Category: News Release

Last night, The Tribe, a documentary series capturing the lives of a rural Ethiopian tribe as never seen before, was awarded the One World Media Popular Features Award.

The One World Media awards celebrate journalistic excellence in international media coverage of the developing world - focused on highlighting the vital role journalists and filmmakers have in increasing cultural understanding and supporting equality and justice worldwide.

The prestigious Popular Features Award is awarded for a piece of media, including broadcast, digital, print or film, that deals with stories, topics or issues in, about or related to the developing world through creative treatment of an issue. The Tribe was recognised for reaching a wider audience potentially less familiar with developing countries and issues and help to provide a more accurate, balanced perspective.

Clothilde Redfern, Director of One World Media said: “Many people think of the developing world only in terms of disasters, emergencies and, in the case of the past year, terrorism. But the beauty of the Awards is that we see another side to developing countries around the world, with some amazing and inspiring stories of bravery, hope and a commitment to revealing the truth behind the facades we often see.”

Channel 4 also had two other finalists – Dispatches: Escape from Isis in the Television Documentary Award category for a programme that deals with stories, topics or issues in, about or related to the developing world and Unreported World: 40 Years to Find My Family in the Short Film Award.

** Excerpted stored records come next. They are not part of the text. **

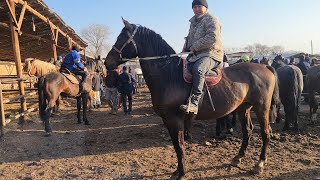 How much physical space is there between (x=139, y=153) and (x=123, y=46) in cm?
263

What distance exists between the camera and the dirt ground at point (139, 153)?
5387mm

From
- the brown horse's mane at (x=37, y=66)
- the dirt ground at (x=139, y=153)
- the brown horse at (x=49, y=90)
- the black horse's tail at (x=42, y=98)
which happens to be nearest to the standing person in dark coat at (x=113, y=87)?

The Tribe can still be viewed on All4 here http://www.channel4.com/programmes/the-tribe . In a television first, Channel 4 was granted access by a rural Ethiopian tribe to capture their life using fixed-rig cameras in this series.

Part of the 20,000-strong Hamar tribe living in the Omo region of Southern Ethiopia, one family, known to their friends and neighbours as the Ayke Muko’s, allowed Channel 4 to film their day-to-day life. Cameras placed in and around the family’s huts capture the intricacies of their relationships, their social bonds and attitudes towards parenting and the community. The series charts how they are embracing the encroachment of the modern world while holding onto their traditional way of life.

Filmed for the most part with small unobtrusive cameras, the series presents an intimate and uniquely authentic portrayal of tribal family life. It follows them as they fall in love, fall out and come together as a family and through it all we discover there may be more that unites than divides our two worlds.